Reviewed by Chris Costa (Musician and Song Writer) Dec 22, 2010
By David W. Glover
"Wayne"
Reflections from the Other Side (the world through the eyes of a bartender) is a fascinating look into man/womankind, examining the human condition from the perspective only available to the local bartender ("The other side"). After a few drinks and some quiet self-examination, out pours the stories of loss, woe, or self-glorification into the experienced ears of the bartender, some of whom I'm sure couldn't care less.
But it is clear that Bruce Wayne Sullivan does care and has the talent and skills to make us care as well. While reading his work, I was invited into his fine-tuned perception and observed a wide variety of personalities, many lost, and many self-absorbed or oblivious. He also provides us with heartfelt glimpses into his own life and soul, ("My Mother") always self sacrificing and honest.

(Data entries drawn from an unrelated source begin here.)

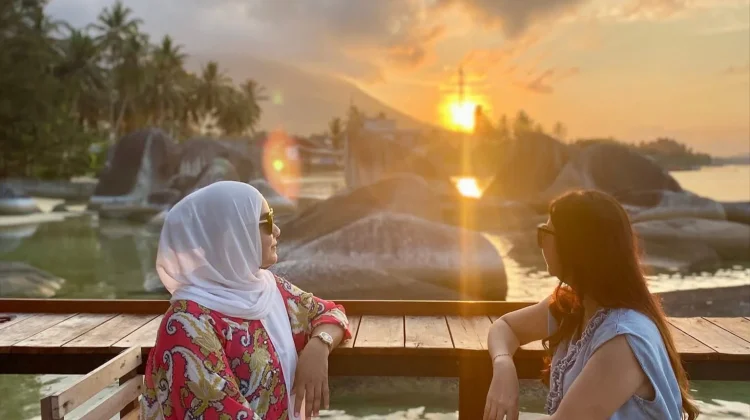 Menikmati Keindahan Sunset di Alif Stone Park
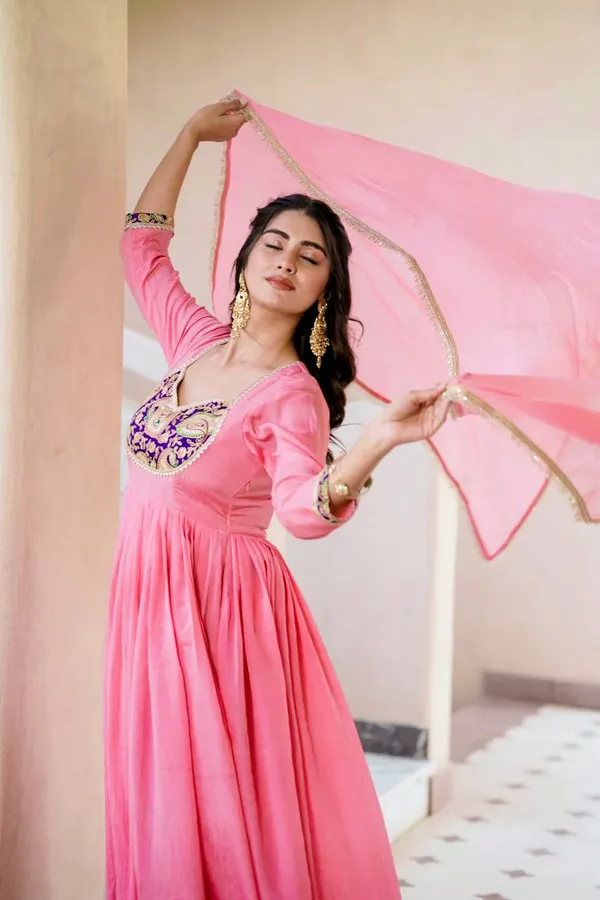 The_Dreamy_Rose_Anarkali_Set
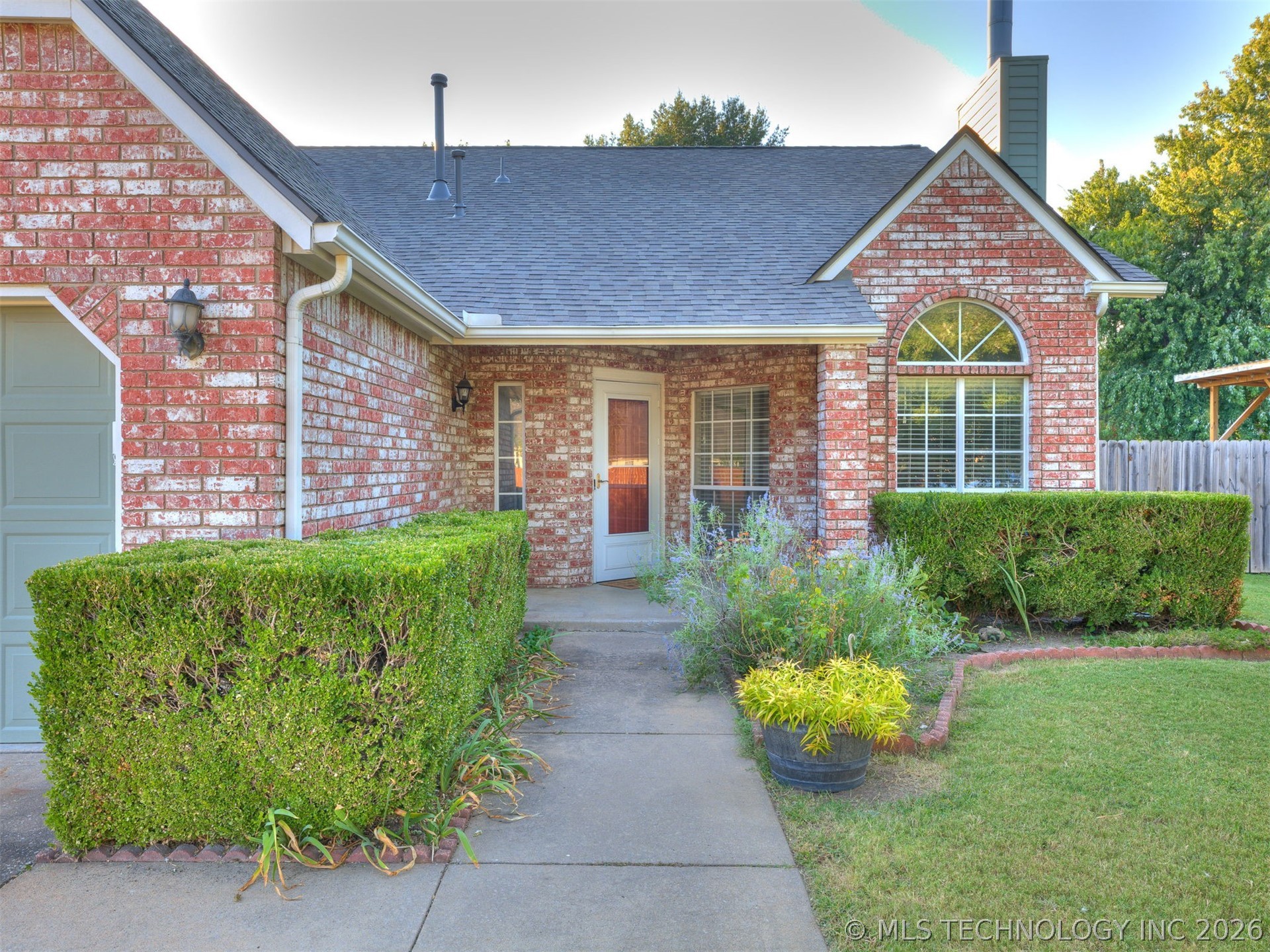 4212 S Oak Avenue Property Photo 1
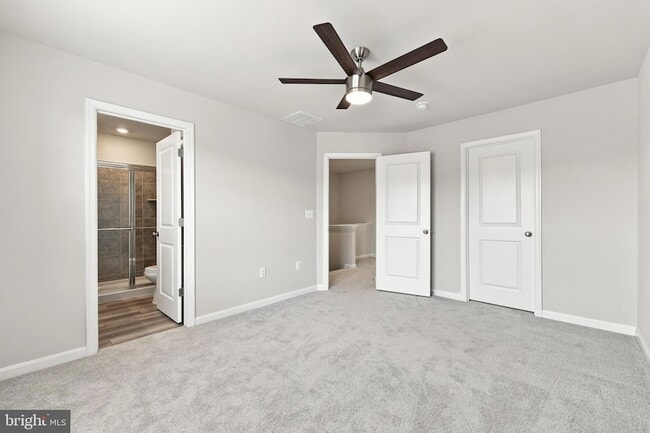 Building Photo - 432 Seeback Dr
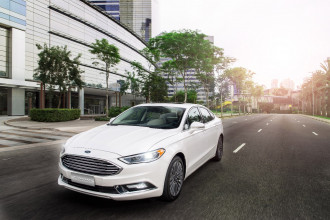 Ford Fusion 2017 com novo dispositivo no câmbio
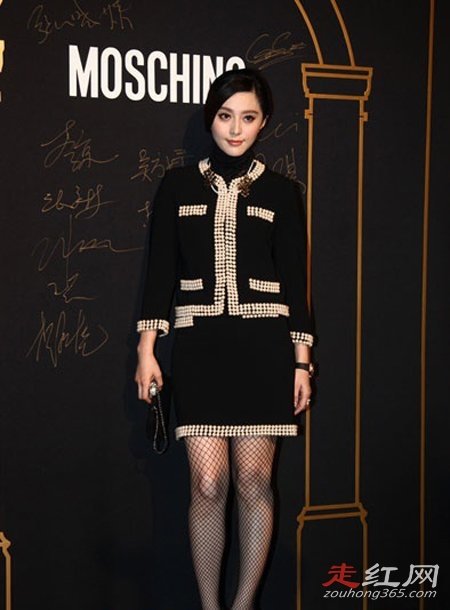 范冰冰和不同男演员的激情戏 和张丰毅花瓣共浴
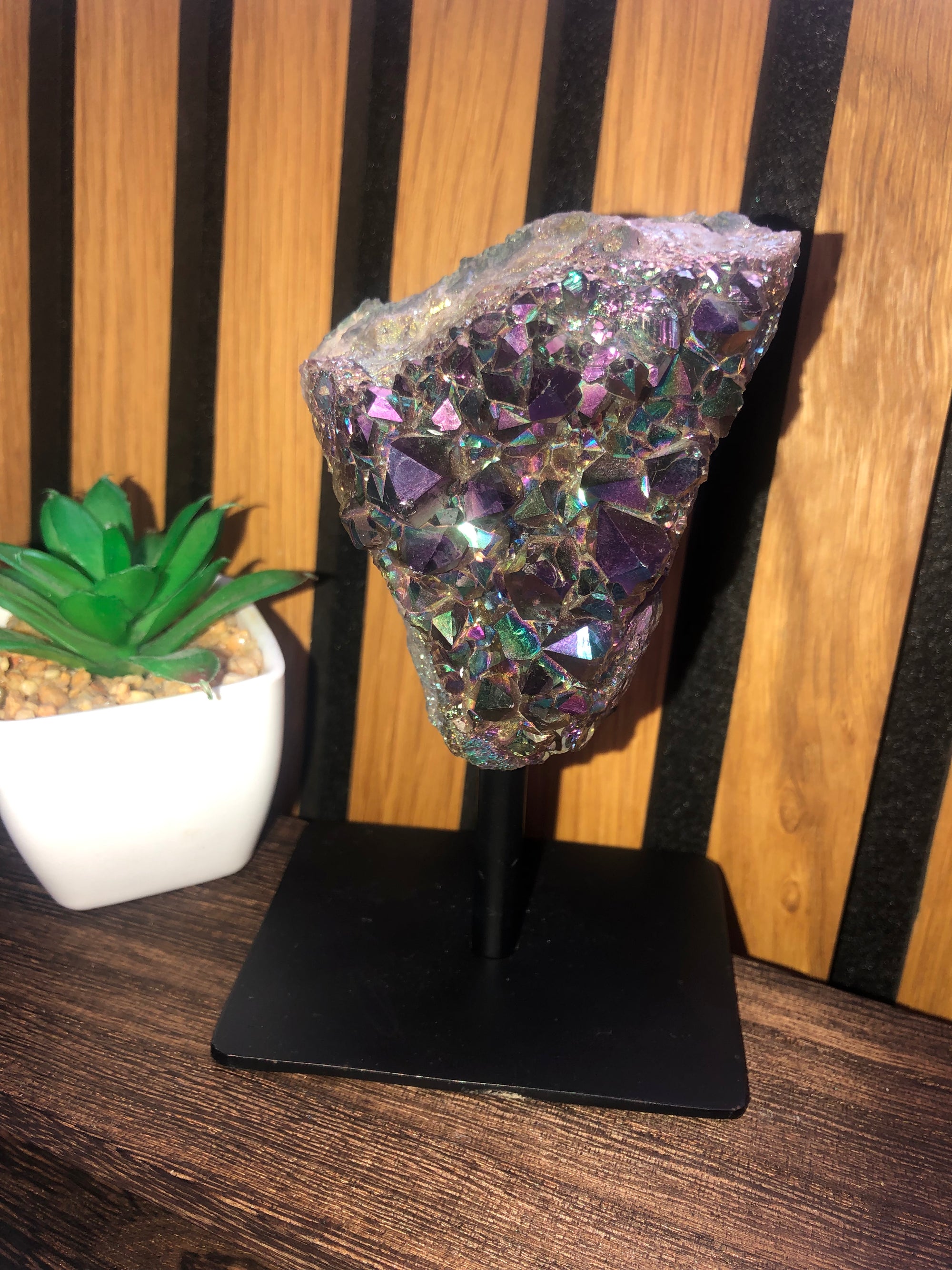 Titanium Aura Quartz with stand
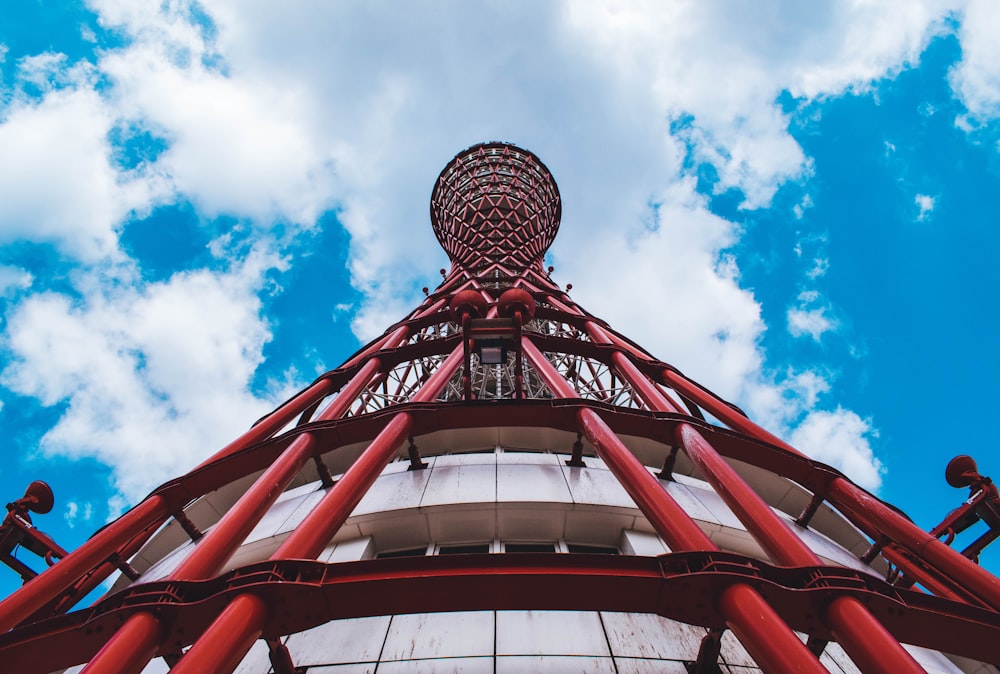 close-up photography of tower during daytime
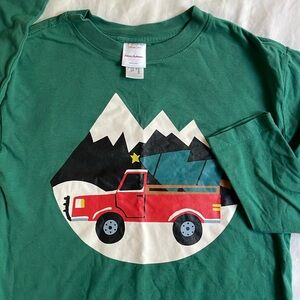 Hanna Andersson soft long sleeve tee size US 8 / 130 cm. Like new & so cute!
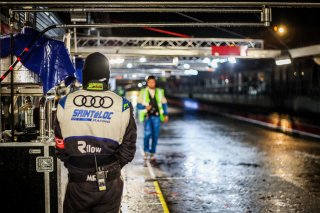 Pitlane, Race
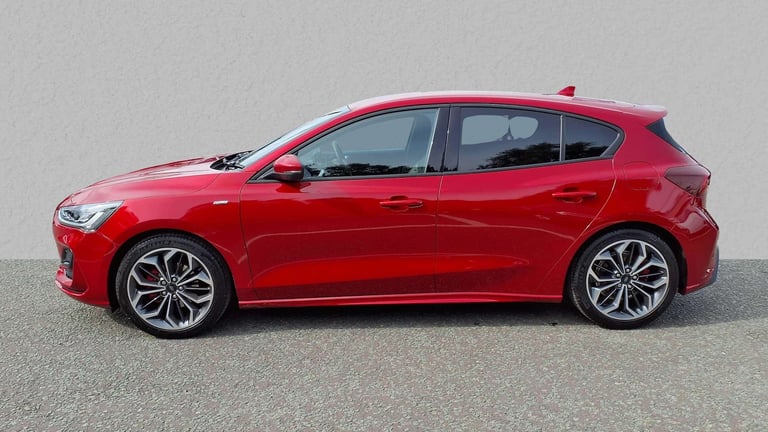 2025 Ford Focus 1.0 EcoBoost Hybrid mHEV ST-Line X 5dr HATCHBACK PETROL Manual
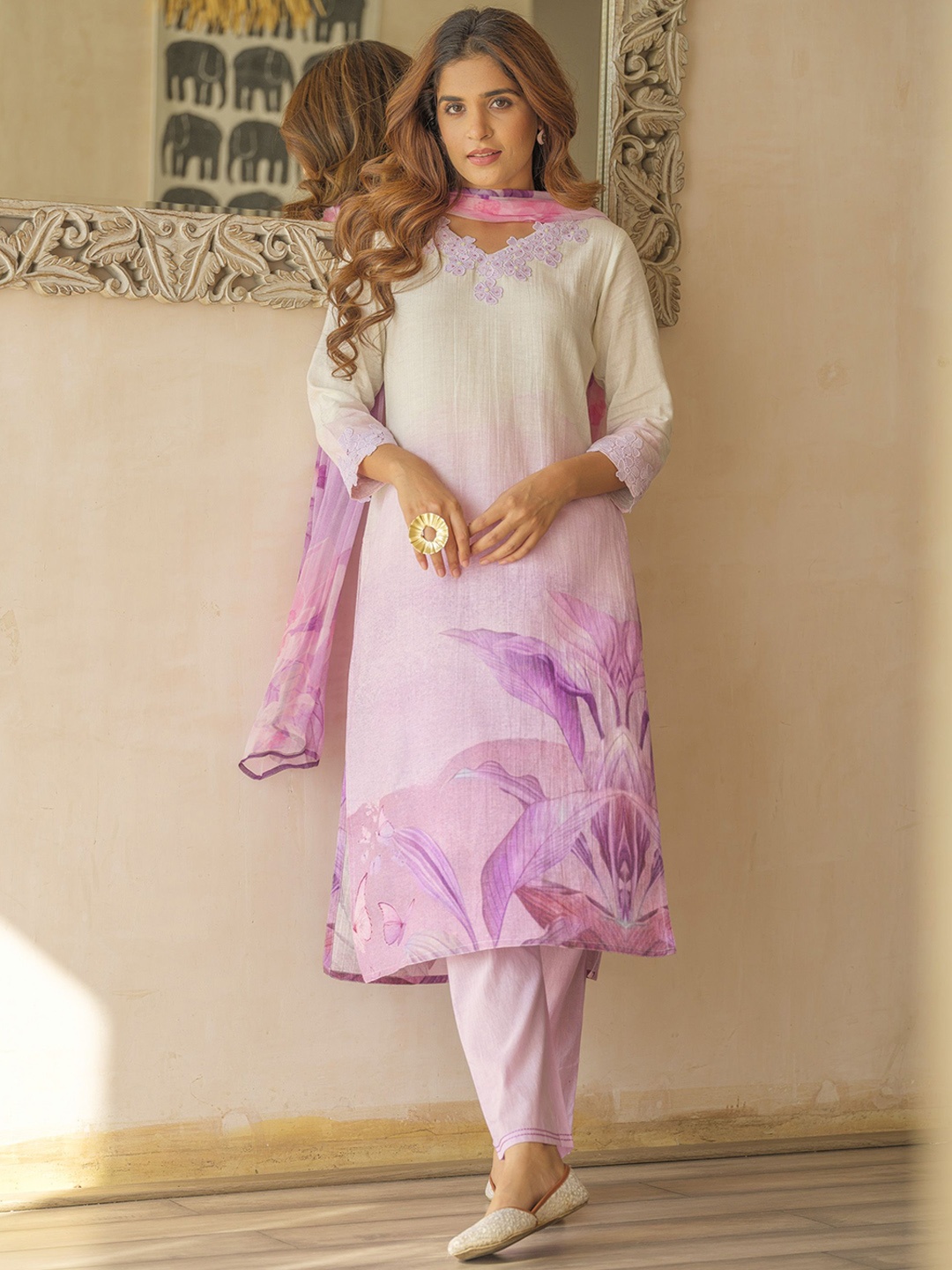 House of Pataudi Floral Printed V-Neck Cotton Silk Straight Kurta With Trousers & Dupatta, Purple
House of Pataudi Floral Printed V-Neck Cotton Silk Straight Kurta With Trousers & Dupatta, Purple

I believe in this book as a reader and as a student of psychology. It is dark, yet often quite humorous. It digs deep while reveling in the folly of facade ("Histrionic"). I have read and re-read this very enjoyable work, and recommend it to any thinking person.
Ellen Tannor Marsh (New York Times best selling author) Nov 27, 2010
By Bruce Wayne
"Brucewaynebooks"
Review by Ellen Tanner Marsh (New York Times best-selling author)
After 11 years of tending bar in Memphis, Tennessee, Bruce Wayne Sullivan has unquestionably earned the right to make any observations he cares to on the state of the human condition. And if the poems in Reflections from the Other Side (the world through the eyes of a bartender) are any indication, he's managed to witness most of humankind's highs and lows, especially the lows.
From the woman "with the emotional intelligence of a tree aphid" to the guys with the "low sloping foreheads whose knuckles drag the ground," Sullivan's poetic world is filled with characters who "belong to the majority rule (of) ignorance school." One gets the feeling that Sullivan's reflections don't encompass so much the patrons on the other side of the bar as they do the gulf that exists between his own thinking, feeling self and the lack of intellect and compassion in the people he meets. Unquestionably there's a certain schadenfreude in reading about the foibles of folks you feel superior to. And as a displaced Yankee residing in a Southern town I hooted with appreciation upon encountering the characters Sullivan describes, characters all too familiar to anyone from the Bible belt.
But Sullivan's richly nuanced poems are not a collection of redneck bashings, though rednecks certainly appear fairly often in his poetic crosshairs: "The people of his town began to frown/ when he left on a trek. Away to college! Book knowledge/ the enemy of the redneck." Instead the entire gamut of humanity figures here: the indifferent rich, the vulgar men and self-absorbed women, the lonely and alienated, all stripped to the barest essentials in the lines of the author's clear, unblinking verse.
But Sullivan knows better than to take the moral high ground or alienate with his poems. These are intensely felt and compassionate works; his honesty in describing his own shortcomings are painful glimpses into a lonely heart: "Growing older was ..../ not the imaginings of my youth. All my dreams slipped through my hands/ into the arms of someone else."
By turn melancholy, sad, funny or filled with longing, the poems in Reflections from the Other Side (the world through the eyes of a bartender) resonate with the reader long after the last page is turned.